Acute hyponatremia is less common than chronic hyponatremia and typically is seen in patients with a history of sudden free water loading (eg, patients with psychogenic polydipsia, infants fed tap water or inappropriately diluted formula for 1-2 d, patients given hypotonic fluids in the postoperative period, a marathon runner drinking water without electrolyte supplementation).

Acute evolution of hyponatremia leaves little opportunity for compensatory extrusion of CNS intracellular solutes.

The ultimate danger for these patients is brainstem herniation when sodium levels fall below 120 mEq/L.

The therapeutic goal is to increase the serum sodium level rapidly by 4-6 mEq/L over the first 1-2 hours.

The source of free water must be identified and eliminated.

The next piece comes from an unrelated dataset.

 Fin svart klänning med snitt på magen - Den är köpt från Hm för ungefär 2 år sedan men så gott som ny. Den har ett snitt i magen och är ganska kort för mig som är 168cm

In patients with healthy renal function and mild to moderately severe symptoms, the serum sodium level may correct spontaneously without further intervention.

Patients with seizures, severe confusion, coma, or signs of brainstem herniation should receive hypertonic (3%) saline to rapidly correct the serum sodium level toward normal, but only enough to arrest the progression of symptoms. An increase in serum sodium level of 4-6 mEq/L is generally sufficient. Any further correction is potentially dangerous and must be avoided unless necessary to correct continued seizures or other severe CNS abnormality. If hypertonic saline is not available, 8.4% sodium bicarbonate can be considered as an alternative for emergent sodium correction.